# Session Overview
Describe the development of environmental health approaches relevant to public health:
· the rise of current environmental concerns
· overview of various environmental approaches to public health with a focus on ecological public health
Explain the basic requirements of a healthy environment and policy responses
· Describe current and relevant international agreements
· Introduce the Millennium Development Goals and the Sustainable Development Goals, as policy responses to environmental health challenges
Describe the present speed, scale and impact of human-generated (anthropogenic) environmental change
· Introduce the concept of planetary health and planetary boundaries
· Introduce the concept of Anthropocene
By the end of this session you should be able to:
· describe the development of environmental health approaches relevant to public health
· explain the basic requirements of a healthy environment and policy responses
· understand the present speed, scale and impact of human-generated (anthropogenic) environmental change
# 1. Introduction
MDGs -> SDGs -> Anthropocene
# 2. Brief overview of the evolution of environmental concerns for humans
Environmental hazards can be natural or of anthropogenic.
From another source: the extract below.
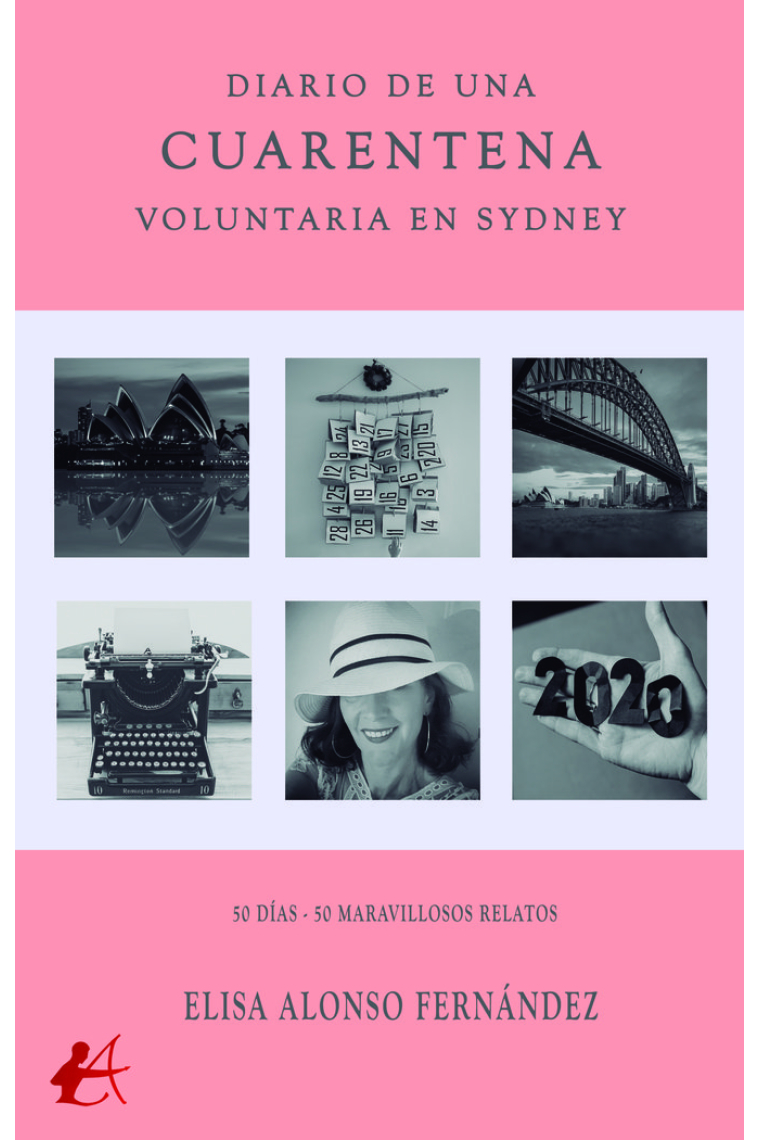 Diario de una cuarentena voluntaria en Sydney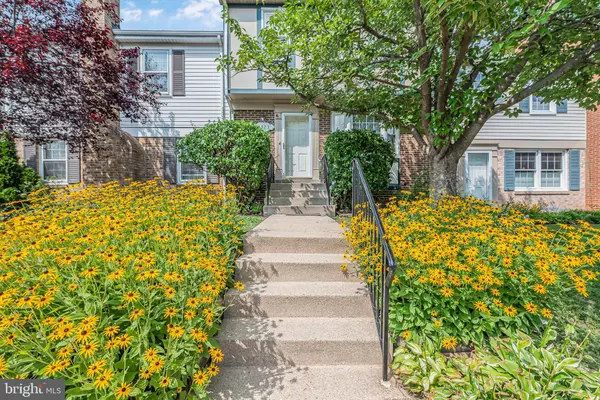 3323 BUEHLER CT NW #111, Olney, MD 20832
Some changes to the environment have been beneficial (improved housing, increased food production and water supply), some are harmful (air pollution from motorised traffic).
Pollution, in the past, are limited to local environment and inhabitants due to the scale of human societies that were relatively small compared to today.
History of public health:
One way to understand some of the prominent changes to public health are as follows:
1. public health as health protection, mediated though societies’ social structures (antiquity – 1830s)
2. the shaping of a distinct public health discipline by the sanitary movement (“miasma control”, 1840s-1870s)
3. public health as contagion control (1880s-1930s)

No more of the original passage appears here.